The Maryland Department of the Environment has issued a CODE RED Air Pollution Alert for Carroll, Baltimore, Harford, Howard, Cecil and Anne Arundel Counties, as well as Baltimore City. All residents are urged to avoid strenuous activity or exercise outdoors today.
In addition, Clean Air Partners, a consortium of regional governments, private sector and advocacy groups, advises Marylanders to turn off lights and electronics when not in use to reduce electric power demand that contributes to air pollution from power plants; avoid lawn mowing; telecommute or use public transit; avoid using chemicals in your lawn or garden.

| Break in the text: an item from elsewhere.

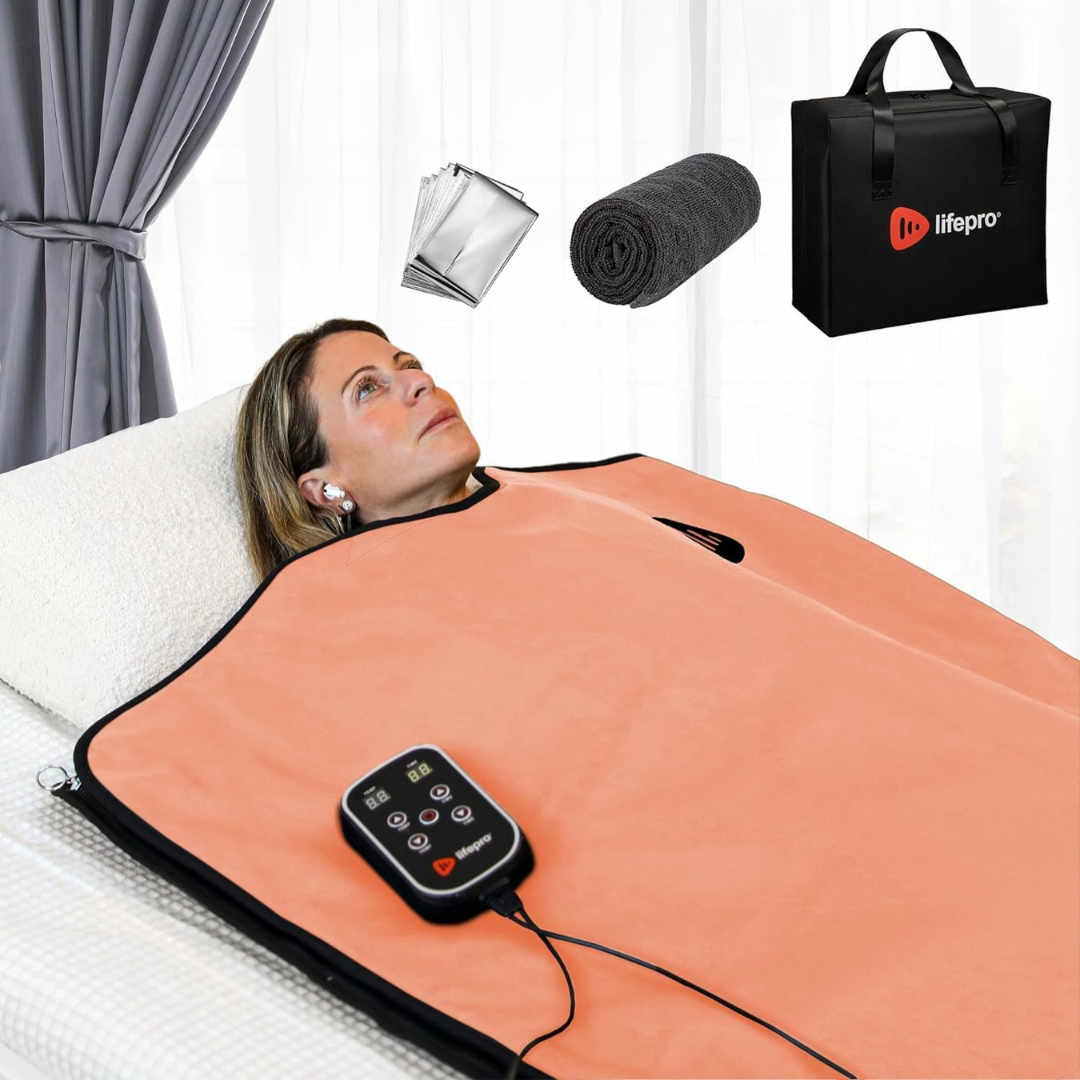 Sauna Blanket-Aldronix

UPDATE, 1:50 p.m.: This is the first Code Red prediction from the MDE this year, although pollution levels have reached Code Red threshholds on five previous dates (June 8-10, and July 2 and 5). That's fewer Code Orange-or-worse days than last year at this time, but MDE spokesman Randy Mosier said "this yerar's been a little more intense," with more Code Red violations than last year.
Aircraft flown by the University of Maryland over the weekend detected high ozone levels aloft over Virginia. "With a south southwest flow of air, they know that stuff's coming our way," Mosier said.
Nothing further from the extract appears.